SUPPLIED INFORMATION
# # # # #
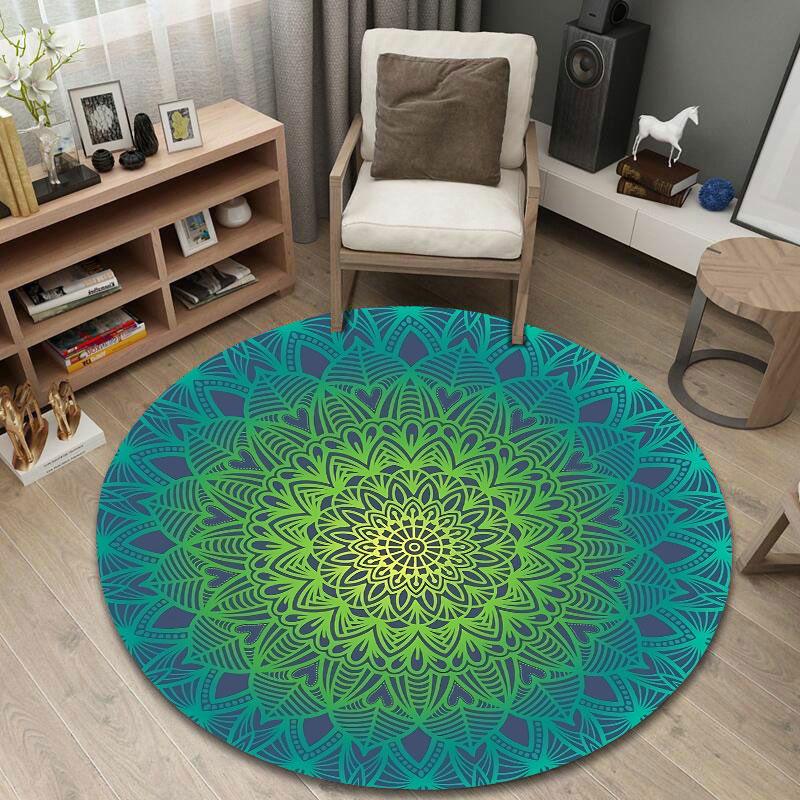 Playful Round Mandala Multicolor Floor Rug, Non-Slip Floor Mat for Nursery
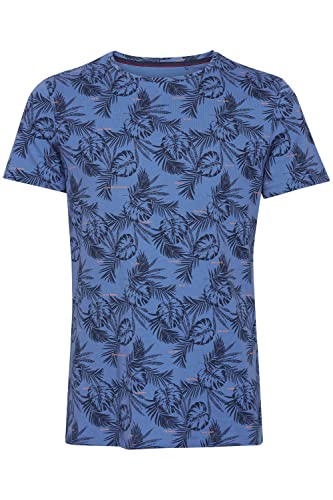 Blend BHAage Herren T-Shirt Kurzarm Shirt mit Allover Blumenmuster aus 100% Baumwolle, Größe:M, Farbe:Dutch Blue (183928) von b BLEND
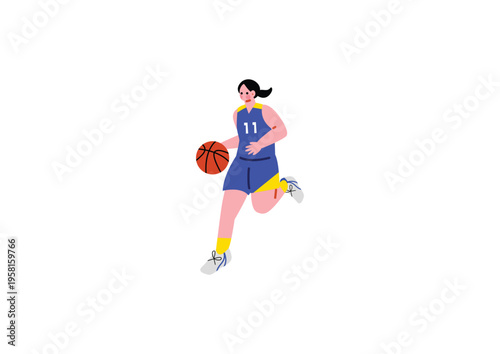 ドリブルする女子バスケットボール選手のイラスト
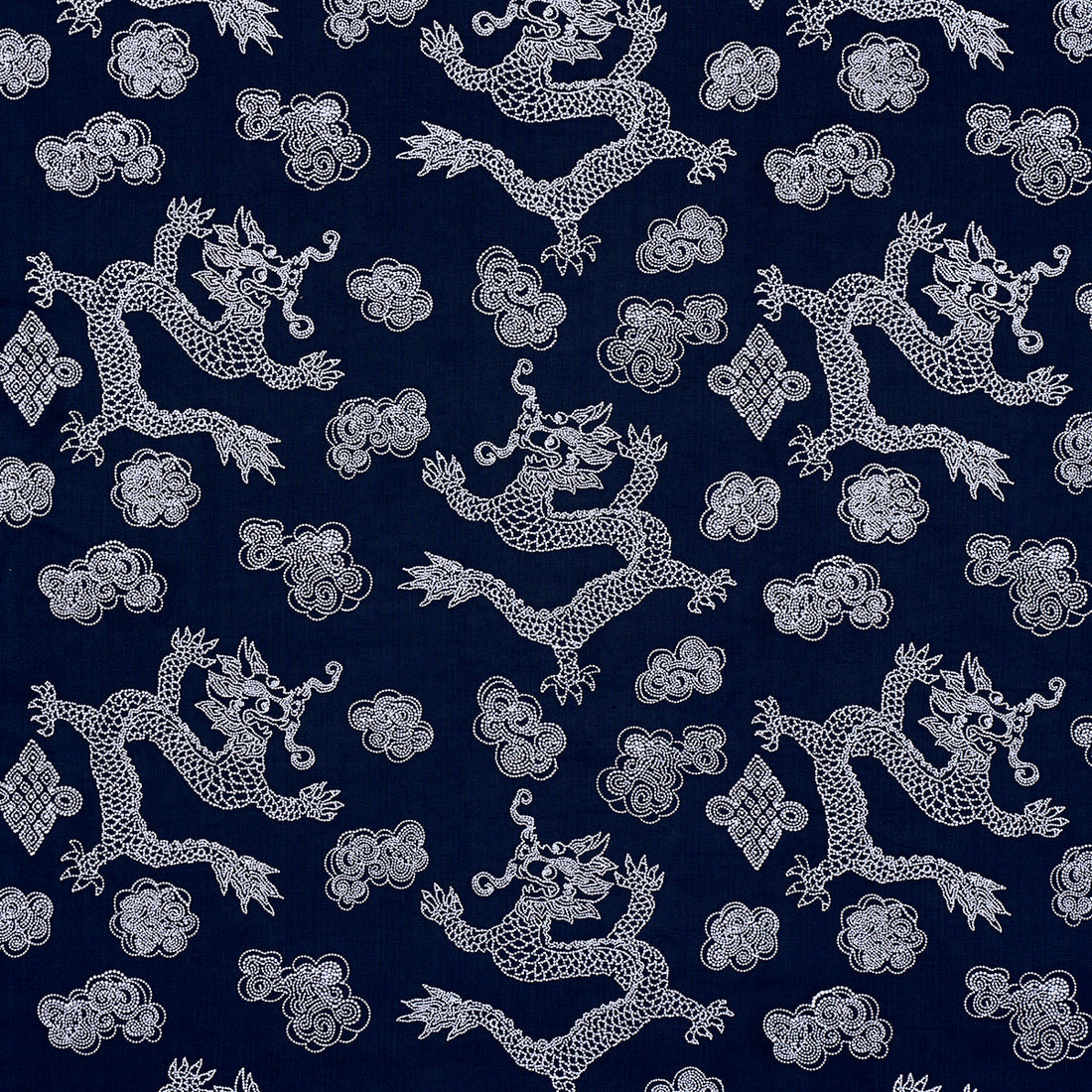 Dragon Embroidery fabric in navy color - pattern number 81550 - by Schumacher in the Uncommon Threads collection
# # # # #
For the material above, give every line again exactly and leave out the pictures.

 Playful Round Mandala Multicolor Floor Rug, Non-Slip Floor Mat for Nursery
 Blend BHAage Herren T-Shirt Kurzarm Shirt mit Allover Blumenmuster aus 100% Baumwolle, Größe:M, Farbe:Dutch Blue (183928) von b BLEND
 ドリブルする女子バスケットボール選手のイラスト
 Dragon Embroidery fabric in navy color - pattern number 81550 - by Schumacher in the Uncommon Threads collection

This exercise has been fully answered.